The firm says it has been warned it has 48 hours remove them or face the consequences.

Rollerworld general manager Karl Zabroski said: “Many of our customers have been baffled by the confusing signage for the diversion route in place. Many of these customers are simply being sent the wrong way.

“After numerous conversations with and broken promises from the authorities to have these signs amended, we took it upon ourselves to put adequate signage within the affected area.”

He added: “We understand the rules and laws regarding flyposting but we would expect that some consideration to the circumstances be applied.”

The £5.5 million Ipswich and Harwich roads scheme, which will see single roundabouts replacing double roundabouts, began in September 2018 and is expected to finish some time this summer.

Clacton and Frinton Gazette: The Ipswich Road scheme kicked off in September 2018The Ipswich Road scheme kicked off in September 2018

Contractors have just agreed to trial reopening Ipswich Road roundabout.

Mr Zabroski said: “We are concerned if our customers can’t find us the future of a small, family-run business, which has been such an important part of Colchester’s history and culture for 30 years, could be in jeopardy.”

Darren Lisney, who runs the Old Siege House restaurant in nearby East Street, has emailed MPs, councillors and even Prime Minister Boris Johnson asking for help.

The letter said: “I am concerned they will not be finished until 2021 at some point, in which case we might as well close now and save losing more money.
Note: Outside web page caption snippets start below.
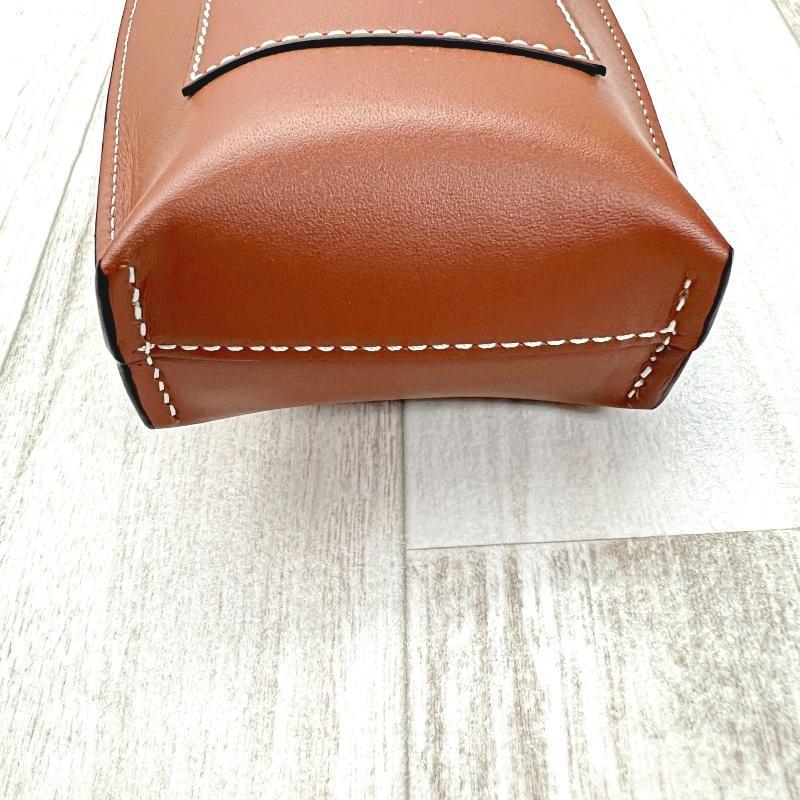 ロエベ LOEWE ショルダーバッグ ポーチ ゲートポケット アナグラム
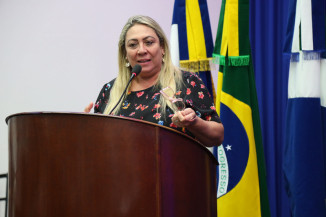 Tânia Cristina solicita programa de estágio remunerado para curso de Medicina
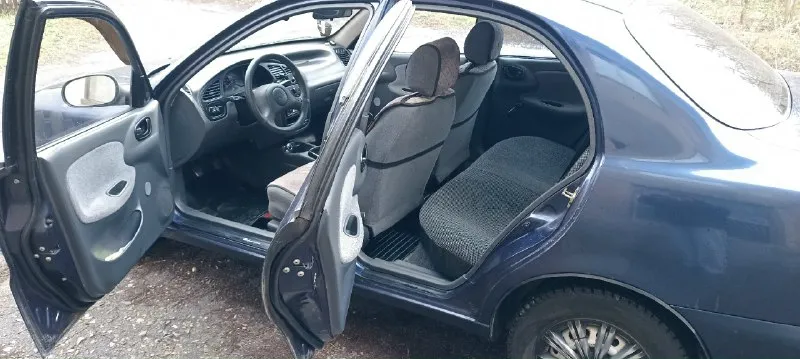 Продам daewoo lanos 2007 года. пробег 227000 км. 1.5 8 кл. 4 (вписан) автомобиль местный 2 владелец, по документам первый владею 6,5 лет. полностью обслужен, много чего поменяно, все расскажу и покажу есть все записи. салон в хорошем состоянии, работает каждая кнопка и печка в том числе. мотор масло не ест от слова совсем. работает как на газу так и на бензине без проблем. стоит хорошая музыка 4 х канальный усилитель, заменены абсолютно все провода для музыки делал для себя. зашумлены все 4 двери виброй карты шумкой. стоят хорошие динамики. есть сигнализация с обратной связью, центральный замок, передние электро подъемники, закрытие окон с салона однимнажатием, также передние доводчики стекол, обогрев заднего работает, также электро зеркала греют. резина зима почти как новая бел шина, и лето практически новая бел шина на железных дисках. ездию не много в основном работа дом. цена 350тыс. +79494397390 📞 звоните: +7(949)4397390 - фотография - 9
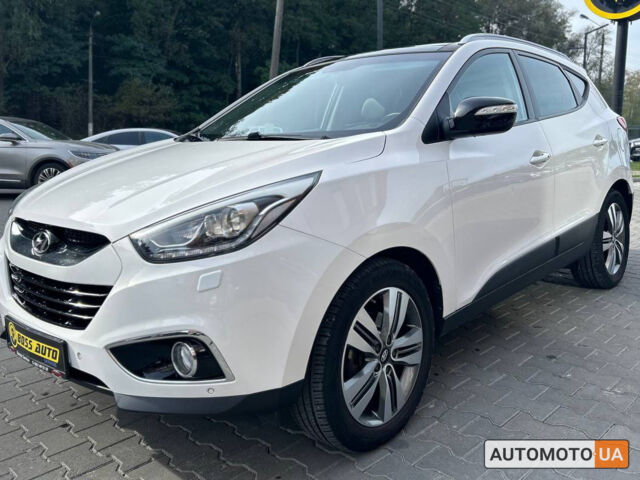 Белый Хендай их35, объемом двигателя 2 л и пробегом 229 тыс. км за 17000 $, фото 2 на Automoto.ua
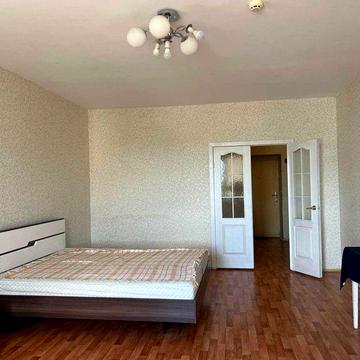 Здам 3кімнатну квартиртиру Алматинська 8\13ц 101/57/15 косметика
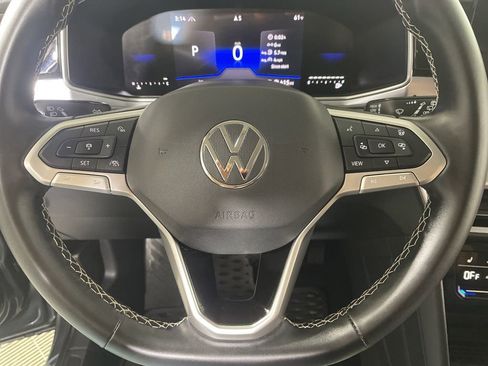 Used 2025 Volkswagen Taos SE AWD/4WD image 14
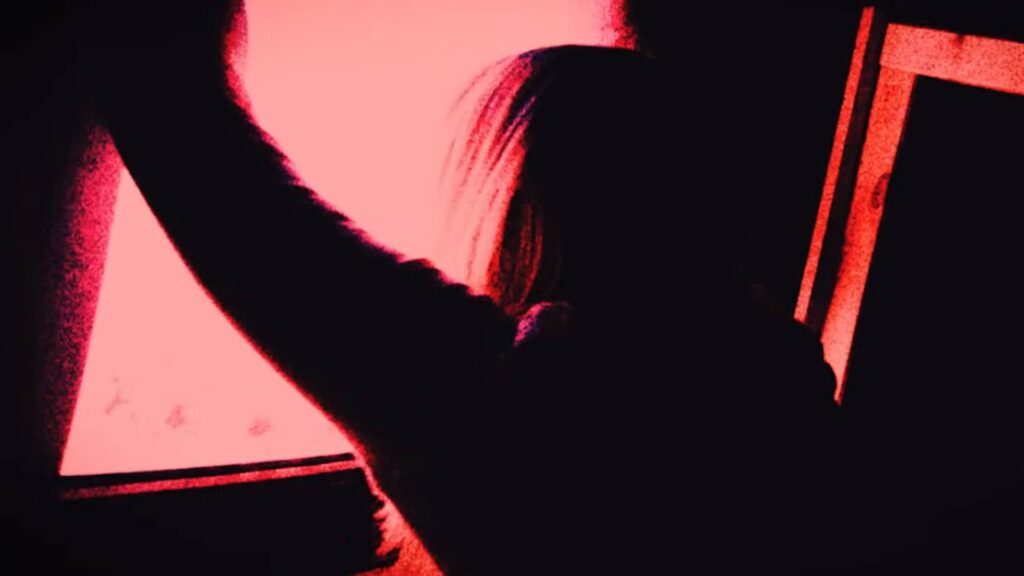 Before Skinamarink, the director made a scarier horror short that’s free online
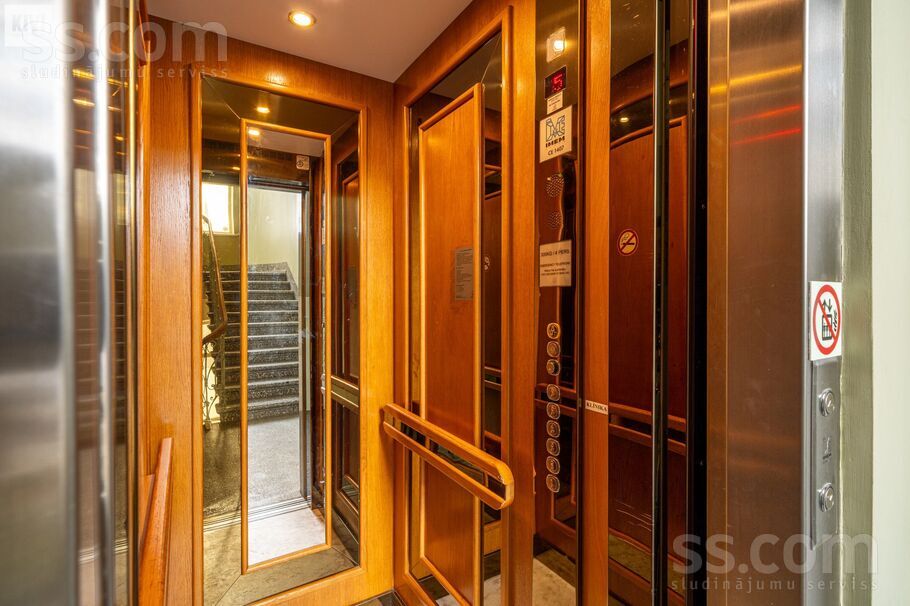 Teātra 9, Rīga — maja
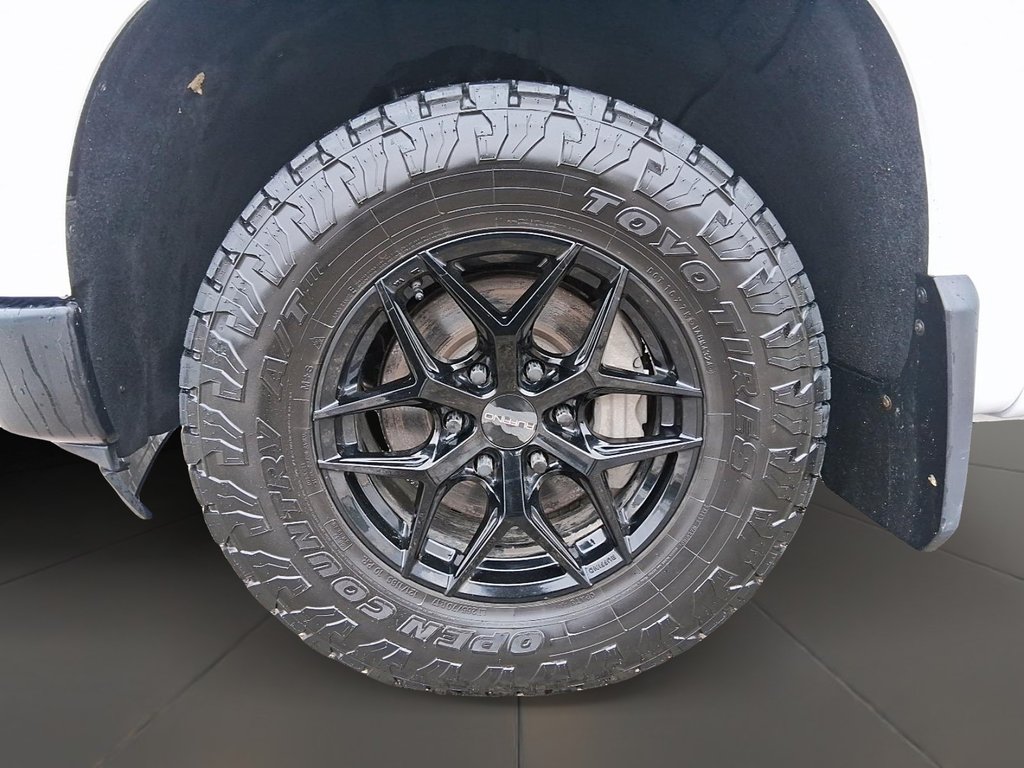 2023 Chevrolet Silverado 1500 Crew Cab 4x4 WT / Standard Box in Stratford, Ontario - 6 - w1024h768px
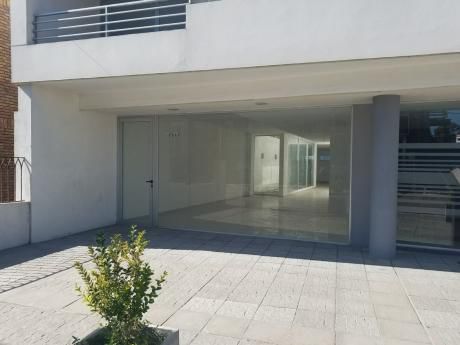 Buena Locación! Local A Estrenar A Mts De Br Artigas. 140m2.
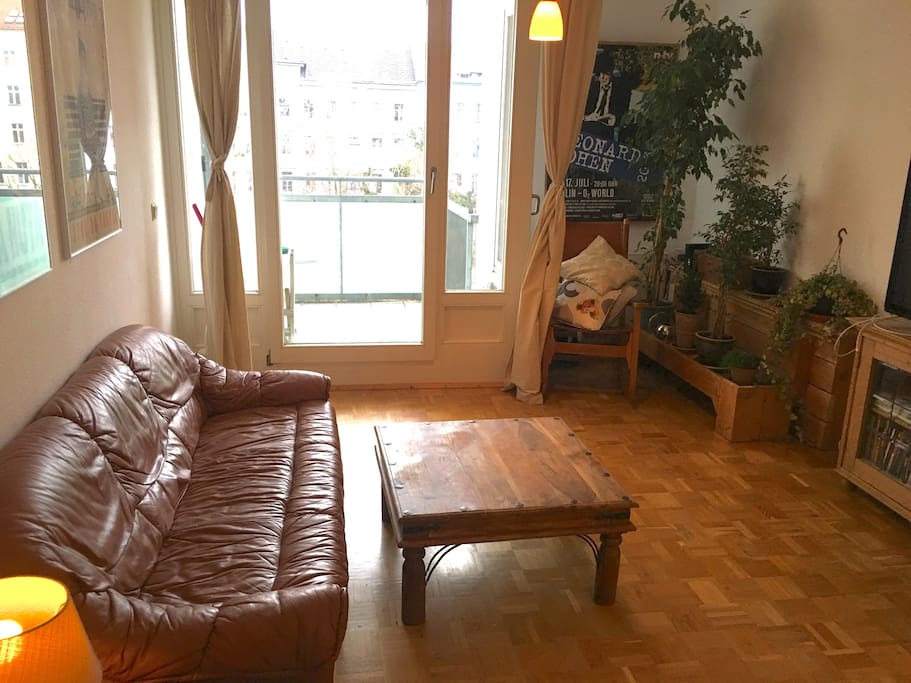 living room, facing balcony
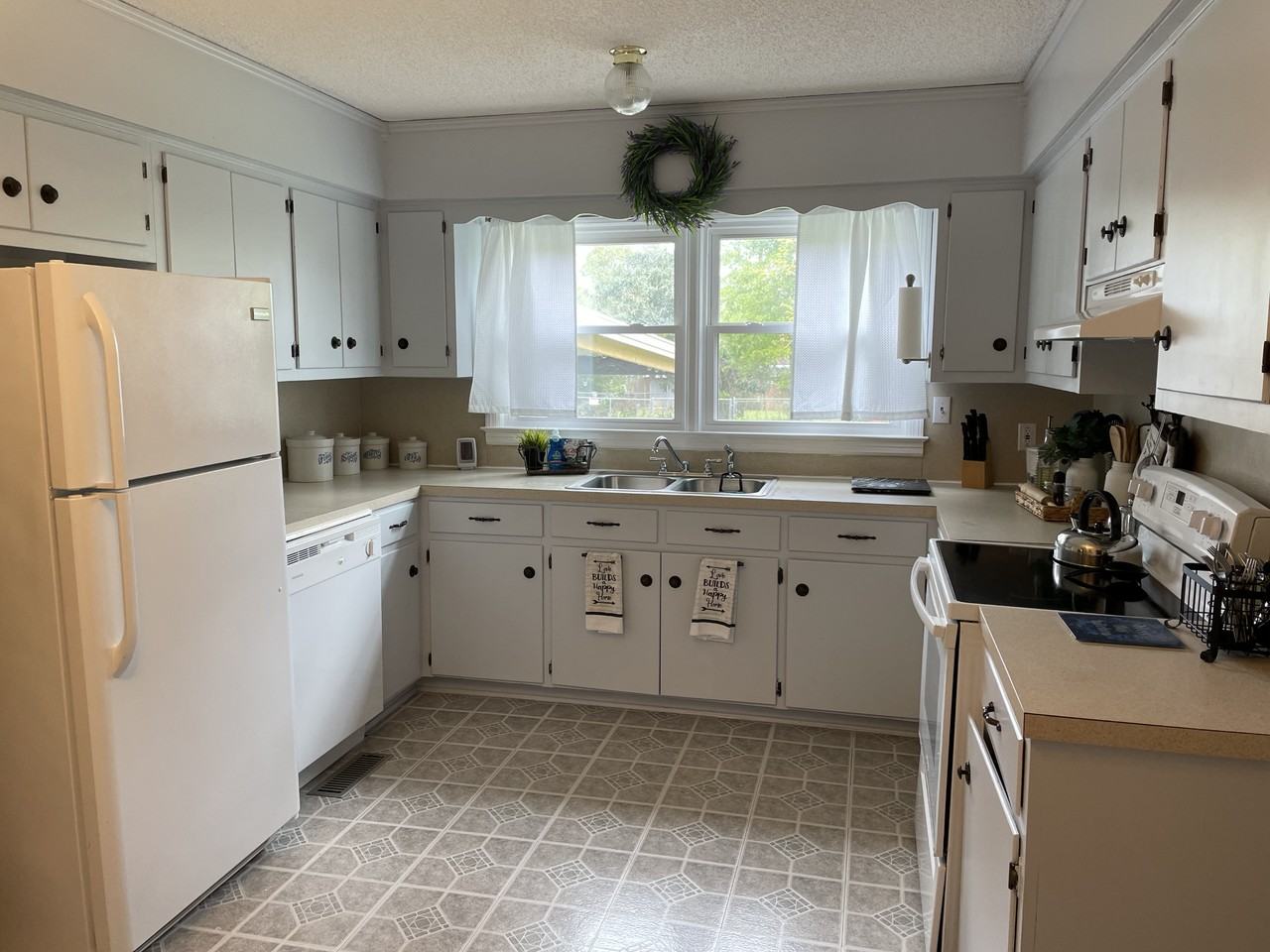 1613 Acker Dr #NA - Photo 4 of 10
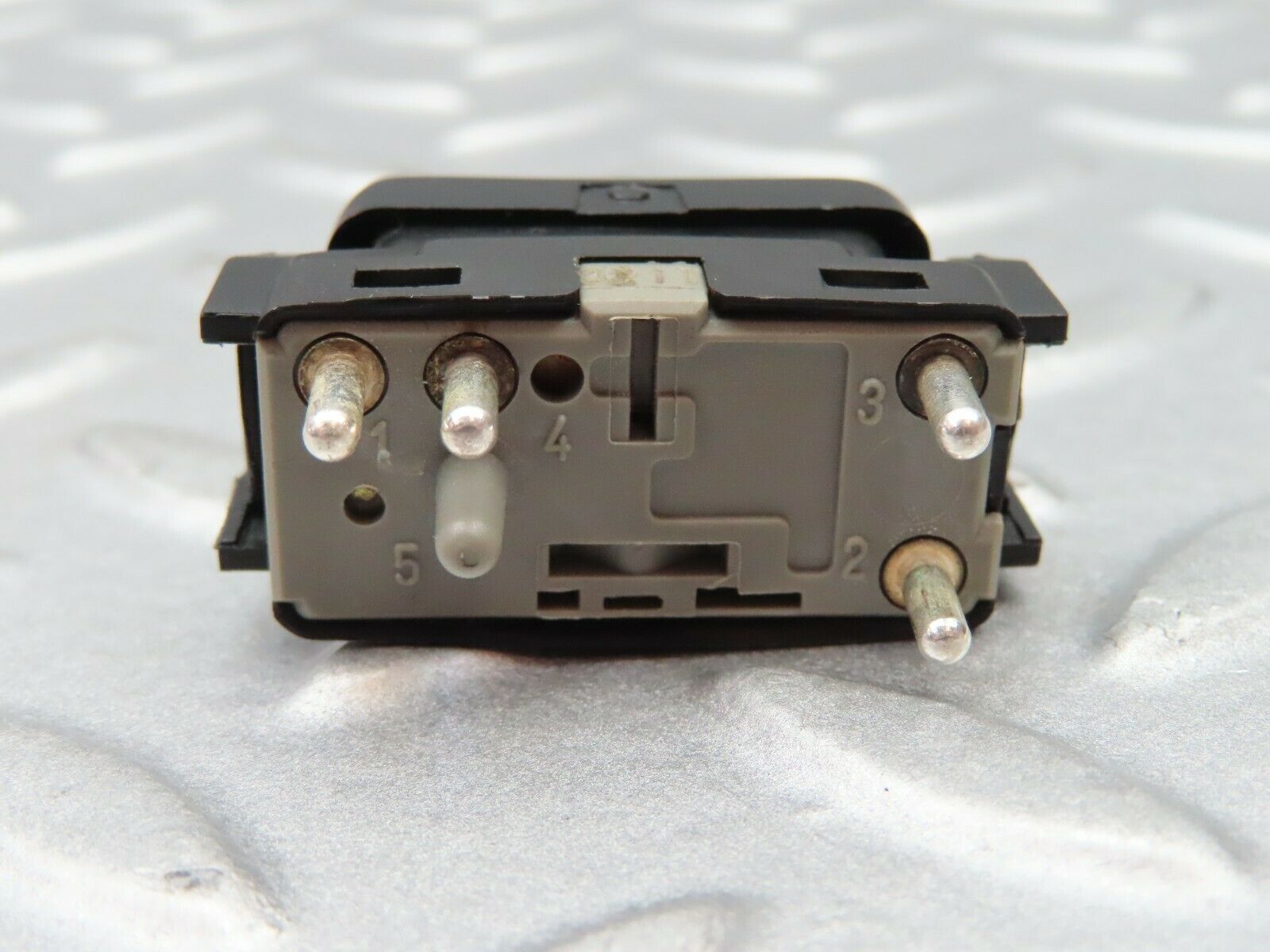 5246 Mercedes-Benz W124 230E Electric Window Switch Left 1248209310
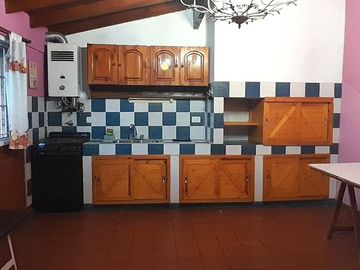 Casa de seis ambientes con pileta en Ciudad Evita.
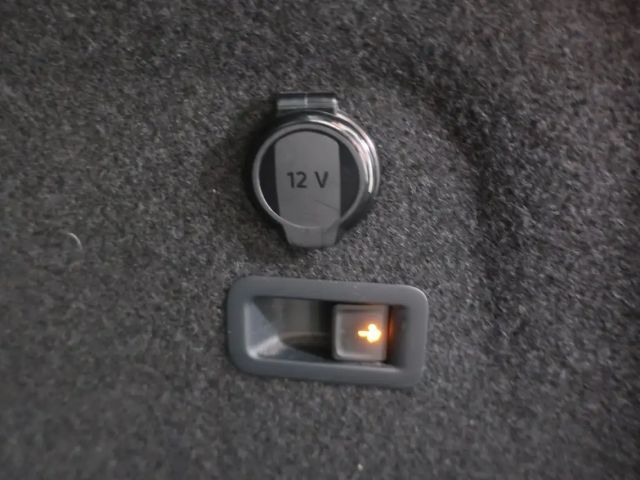 Volkswagen Golf DSG R-Line Variant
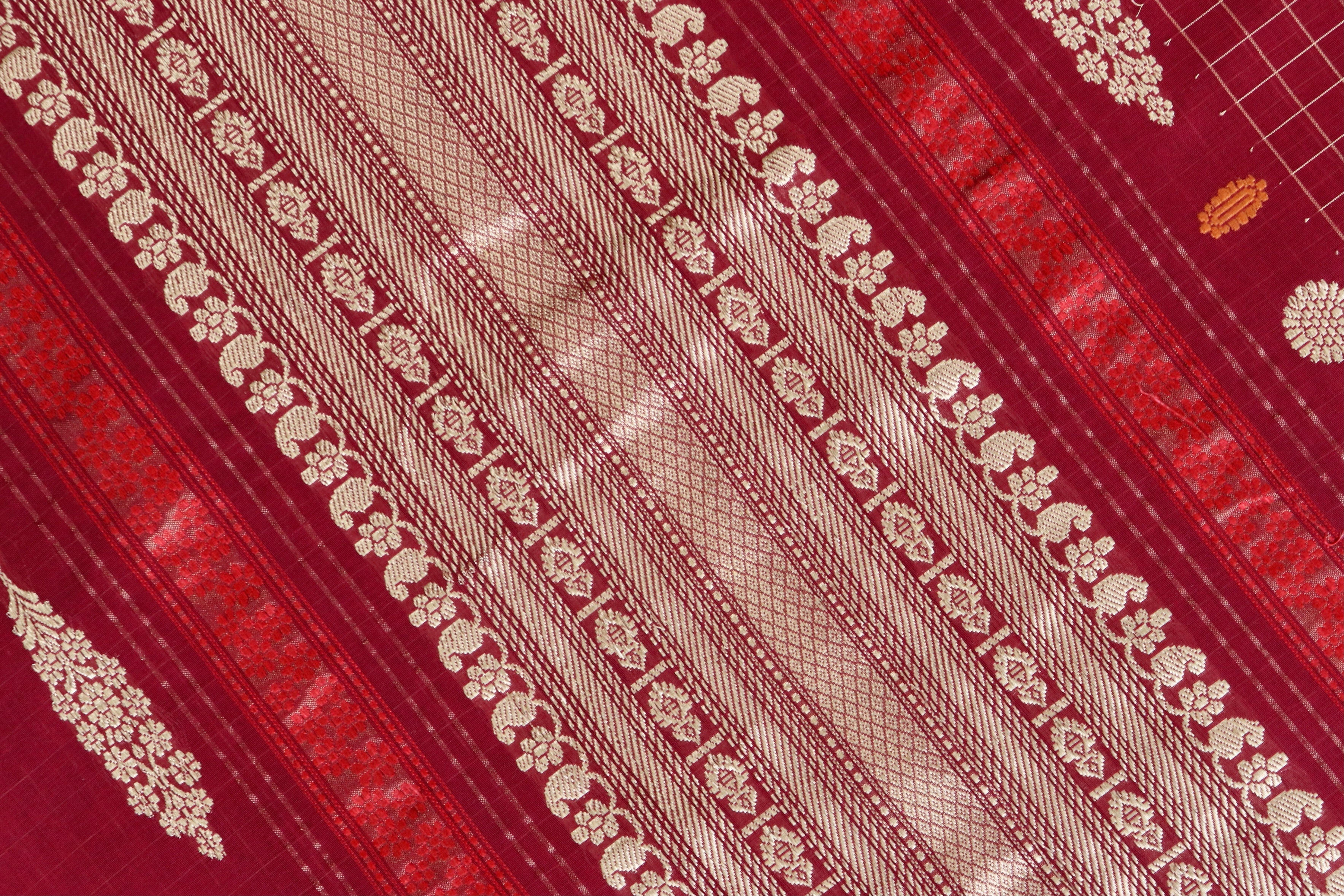 Maroon Red Charkhana Cotton Handloom Saree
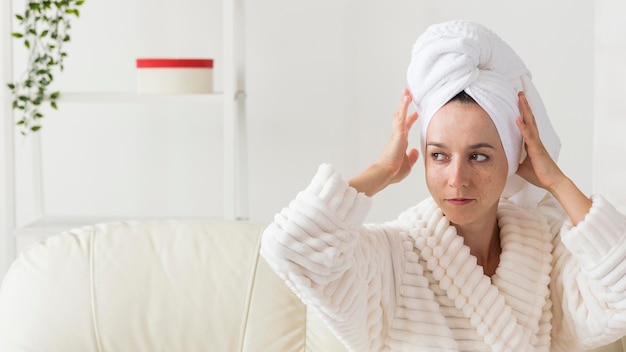 Spa a casa donna in accappatoio che guarda lontano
We need help now before it is too late for us and other businesses in the area.”

A spokesman for Colchester Council said temporary advertising consent was needed.

He said: "While we recognise the frustration and disruption residents and businesses have experienced since the roadworks began, we do have a duty as the local planning authority to investigate incidents of fly-posting when they are reported to us.

“In this case, unauthorised advertisements had been placed on street furniture and on roundabouts without the consent of the highway authority and landowners and, therefore, will have to be removed.

“While there are some exemptions to the Town and Country Planning Act 1990 that permit the display of certain materials in some locations with the consent of the landowner, most local authorities operate a zero-tolerance policy on fly-posting – Colchester Council included.

“If any business is looking for a temporary advertisement consent for a suitable sign, they should apply through the normal planning process and submit an application for advertisement consent.”

A spokesman for County Hall said: "Official highways signage is already in place to advertise local businesses in this area where appropriate, while works are ongoing.

"Unofficial signage is not permitted in any situation as they can distract drivers from the road and restrict visibility, especially when placed on centre islands or next to other road or traffic signs.”